▸ WORK INSTRUCTIONS: Go through the data from its first line and retype each line, stopping once the line containing "animal, car, creature, face, dog, peers, out, window" has been retyped.

Stored entries
▼
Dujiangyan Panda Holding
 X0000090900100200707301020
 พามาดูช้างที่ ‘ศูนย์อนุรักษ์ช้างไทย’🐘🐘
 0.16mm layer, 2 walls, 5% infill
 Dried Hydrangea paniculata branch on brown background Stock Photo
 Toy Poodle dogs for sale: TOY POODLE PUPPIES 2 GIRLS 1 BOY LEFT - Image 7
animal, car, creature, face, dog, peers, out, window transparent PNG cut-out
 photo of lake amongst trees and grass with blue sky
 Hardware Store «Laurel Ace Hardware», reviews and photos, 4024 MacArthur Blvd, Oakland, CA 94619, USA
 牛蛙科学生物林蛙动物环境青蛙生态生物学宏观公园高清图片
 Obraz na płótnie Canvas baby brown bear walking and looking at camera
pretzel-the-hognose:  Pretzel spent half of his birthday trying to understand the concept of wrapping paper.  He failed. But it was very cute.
▲
▸ RESPONSE TO THE EXERCISE:
Dujiangyan Panda Holding
 X0000090900100200707301020
 พามาดูช้างที่ ‘ศูนย์อนุรักษ์ช้างไทย’🐘🐘
 0.16mm layer, 2 walls, 5% infill
 Dried Hydrangea paniculata branch on brown background Stock Photo
 Toy Poodle dogs for sale: TOY POODLE PUPPIES 2 GIRLS 1 BOY LEFT - Image 7
animal, car, creature, face, dog, peers, out, window transparent PNG cut-out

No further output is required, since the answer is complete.